__Task item__: From the first line to the last, retype the records exactly and skip the pictures.

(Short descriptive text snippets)

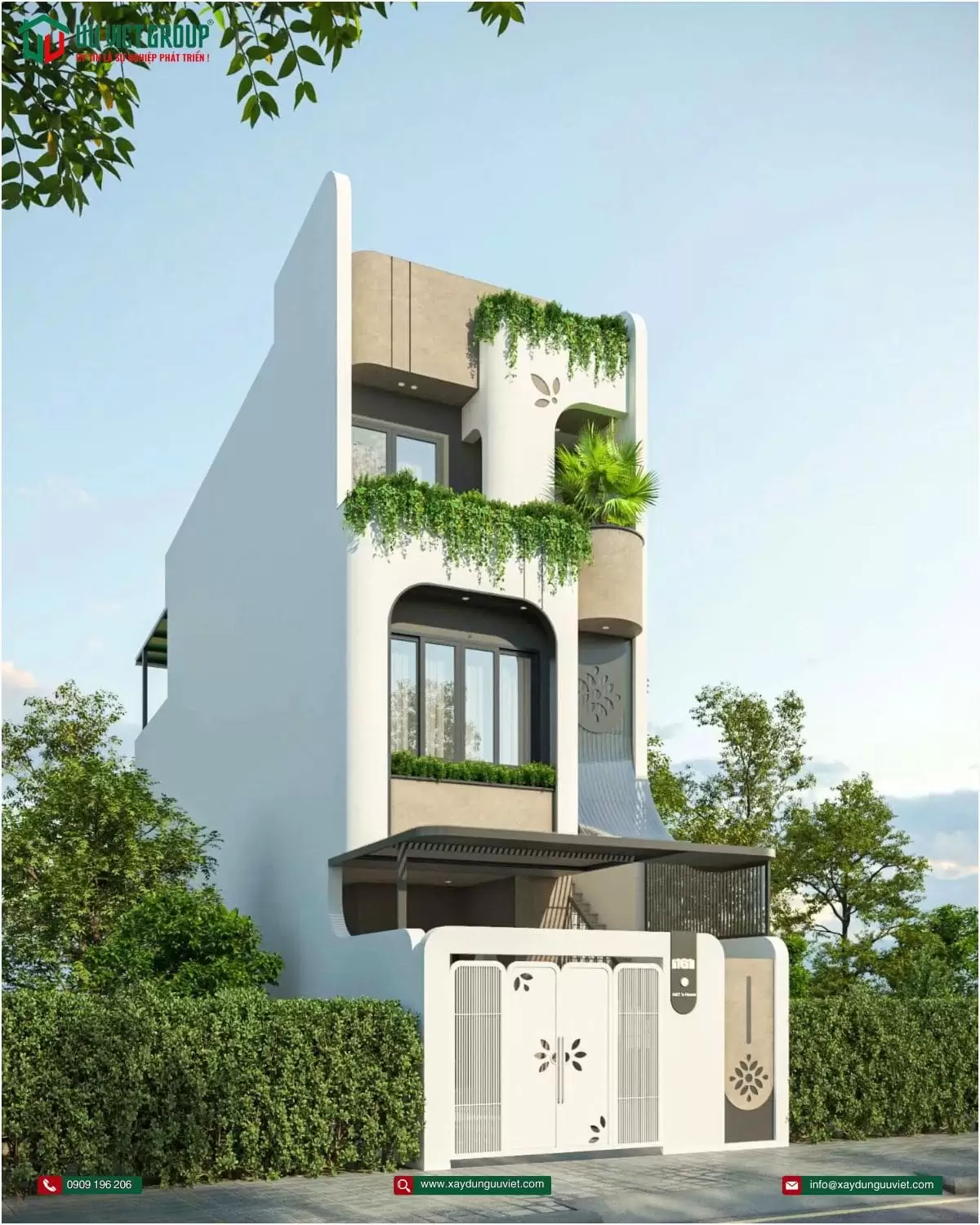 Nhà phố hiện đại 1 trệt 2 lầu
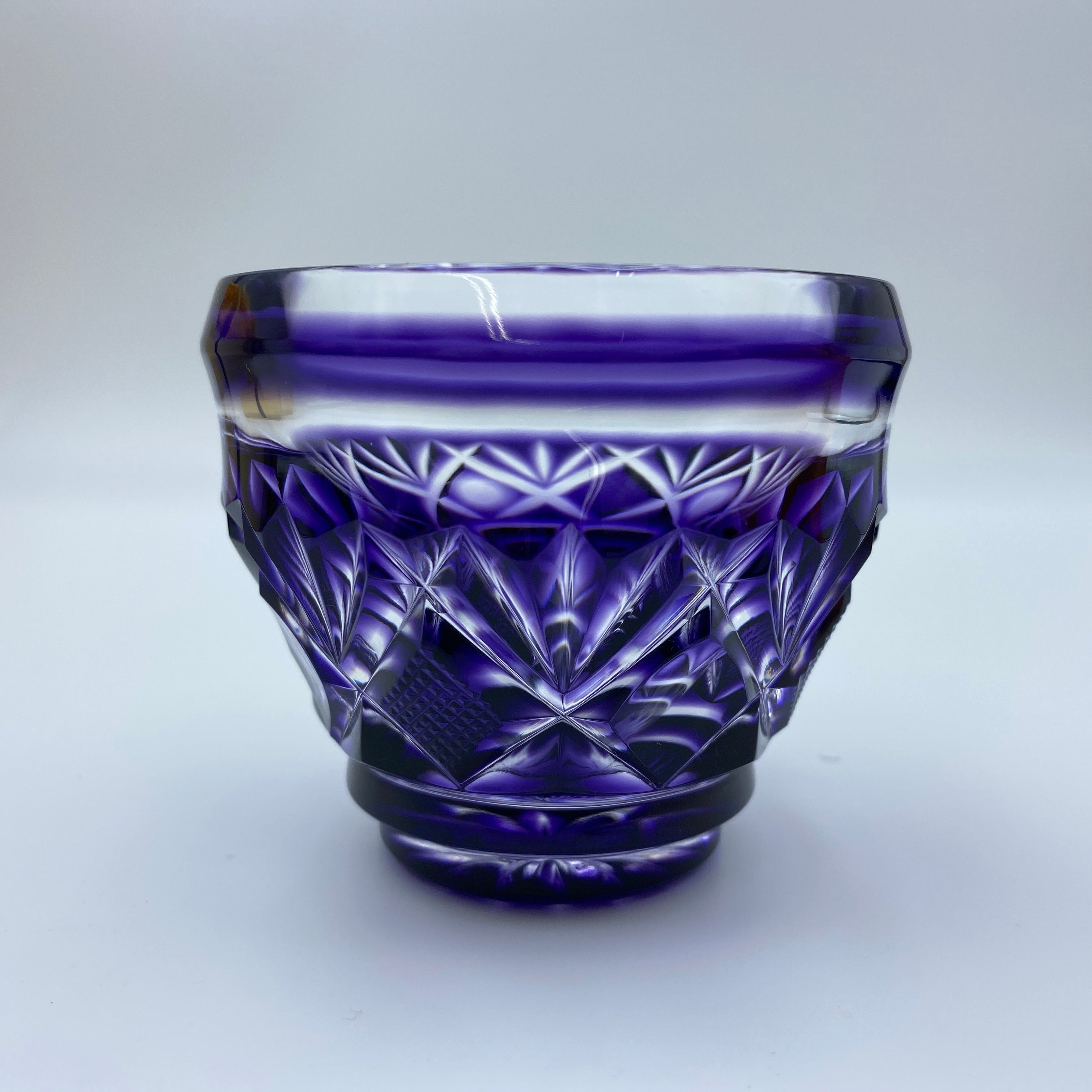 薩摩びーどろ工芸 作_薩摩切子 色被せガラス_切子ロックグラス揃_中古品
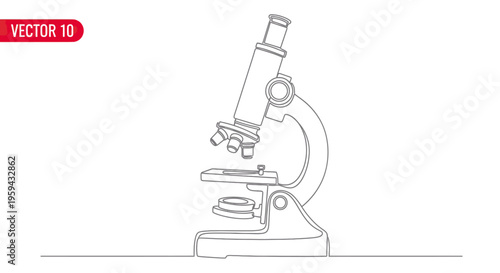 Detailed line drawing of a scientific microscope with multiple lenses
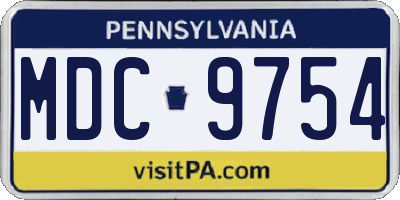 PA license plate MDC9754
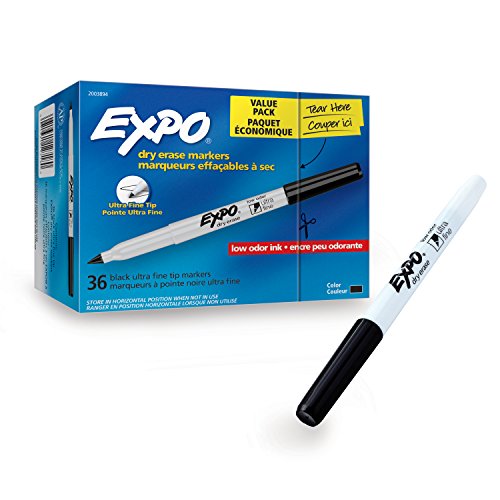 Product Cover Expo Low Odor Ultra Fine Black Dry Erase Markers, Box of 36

__Result__:
 Nhà phố hiện đại 1 trệt 2 lầu
 薩摩びーどろ工芸 作_薩摩切子 色被せガラス_切子ロックグラス揃_中古品
 Detailed line drawing of a scientific microscope with multiple lenses
 PA license plate MDC9754
 Product Cover Expo Low Odor Ultra Fine Black Dry Erase Markers, Box of 36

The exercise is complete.